As in the present case, “Students hostel” was also to be used
for sleeping, eating, studies etc. temporarily if not permanently
day to day, it cannot be described as “non-residential” use
within the meaning of Section 25 of the Act. Accordingly, if the
suit premises were to be used as students hostel, then surely
it would be for the residential purpose of the students of the
College run by the respondent trust. In that case also, the
respondent trust would be entitled to claim possession of the
suit premises for the requirement of the trust. If this be so,
there is no force in the argument pressed into service that no
decree could be passed as the nature of requirement would be
prohibited by Section 25 of the Act.”
(Emphasis supplied)
45. We must also look into the meaning of the expressions
“residence” and “dwelling” as provided in Concise Oxford English
19
th
Dictionary 2013 Edition as well as the Blacks Law Dictionary 6 Edition
to ascertain their meaning in common parlance and in popular sense
which read as under:-
“ The Concise Oxford Dictionary:
Domicile: 1. the country in which a person has permanent
residence.
2. the place at which a company or other body is registered.
Residence: 1. the fact of residing somewhere.
2. a person’s home.
3. the official house of a government minister or
other official figure.
Blacks Law Dictionary:
Residence: Place where one actually lives or has his home; a
person’s dwelling place or place of habitation; an abode; house
where one’ home is; a dwelling house.
Dwelling: The house or other structure in which a person or
persons live; a residence; abode; habitation; the apartment or
building, or a group of buildings, occupied by a family as a
place of residence. Structure used a place of habitation.”

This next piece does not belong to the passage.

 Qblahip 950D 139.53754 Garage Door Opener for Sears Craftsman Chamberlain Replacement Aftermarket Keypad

46. Further in common parlance, ‘residential dwelling’ means any
building, structure, or part of the building or structure other than offices
or factories, that is used or intended to be used as a home, residence, or
sleeping place by one person or by two or more persons maintaining a
common household, to the exclusion of all others.

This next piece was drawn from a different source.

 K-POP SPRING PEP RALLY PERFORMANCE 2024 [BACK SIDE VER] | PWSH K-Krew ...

47. Thus, any residential accommodation meant for long term stay
can be referred to as “residential dwelling”. The materials on record
further indicate that as per the Khatha Extract and layout plans and
records available with the Bruhat Bangalore Mahanagara Palike, the plot
and property is shown as residential in nature. In view of the aforesaid,
20
we have no hesitation in reaching the conclusion that the subject
property is a “residential dwelling”.
48. The only question now left to be addressed is whether the third
condition to be eligible for exemption from payment of the GST i.e. “such
residential dwelling must be given for use as a residence” is fulfilled in
the present case or not.
49. In the present case, the third condition could also be said to be
satisfied as the property was taken on rent only for use as a residence.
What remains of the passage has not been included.